ウクライナ南部の前線からおよそ200km離れたクショフスカヤ空軍基地への襲撃直後の動画や衛星画像には、焼け焦げた施設やUMPKの残骸の山が見える。衛星画像からは、スホーイSu-34戦闘爆撃機少なくとも1機が破壊された形跡もうかがえるようだ。Su-34はこのキットを付けた滑空爆弾の主な発射母機になっている機体だ。
Overnight, Ukrainian forces successfully struck Russia's Kushchyovskaya airbase in Krasnodar Krai.

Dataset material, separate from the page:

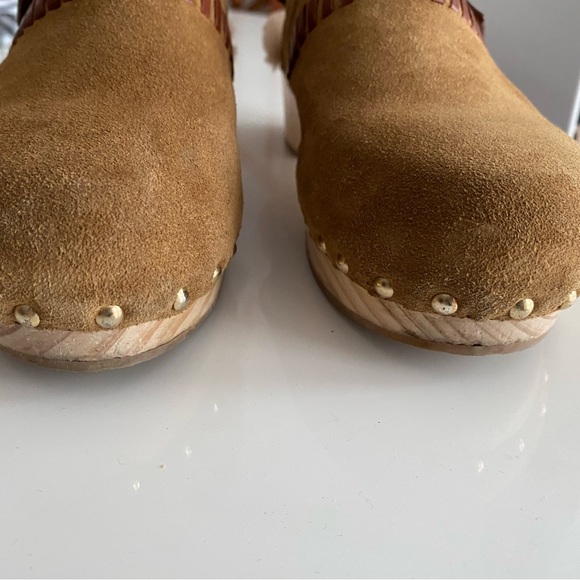 Vanessa Bruno suede clogs with fur macadamia size 38 - Picture 2 of 5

— OSINTtechnical (@Osinttechnical) April 27, 2024
At least one drone hit the vicinity of the flight line. Russian aircraft have reportedly been damaged, and footage shows a number of destroyed glide bomb kits. pic.twitter.com/G31v6ylUph
それでも、ロシアの滑空爆弾作戦を支えるインフラの破壊をウクライナが少なくとも試みてはいることは、注目に値する。「ウクライナがロシアの戦術航空作戦、とりわけ滑空爆弾の使用を妨害できるかは、前線全体の防衛で鍵を握る」と英国防省は指摘する。
FAB/UMPK誘導滑空爆弾は昨年半ば以来、ロシア空軍の主要な航空弾薬になっている。この爆弾は投下されると翼が展開し、射程は40kmある。そのため、ロシア軍機はウクライナ側の防空兵器の射程外からの攻撃、いわゆるスタンドオフ攻撃ができる。UMPKは大まかに言えば米国製のJDAM、フランス製のAASMと似たもので、ウクライナ空軍もこれらの装置で精密誘導可能にした爆弾を自軍機に搭載している。
UMPKの衛星測位システムで誘導されるFABには数百kgの爆薬が詰め込まれており、地上に着弾すると深さ10m以上の穴ができるほど強力だ。ウクライナ軍の第3独立強襲旅団に所属する軍人イェホル・スハルは、「KABが1発着弾するだけで、すべての建物や構造物がただの穴になる」と説明している。
ウクライナの調査分析グループ、ディープステートの表現を借りれば、FAB/UMPK誘導滑空爆弾はロシアの「ミラクル兵器」であり、現時点でウクライナ側に「対抗する手段はほとんどない」。もしひとつあるとすれば、今回やったように、Su-34に4発が搭載される前にこの爆弾やUMPKキットの保管場所を爆撃することかもしれない。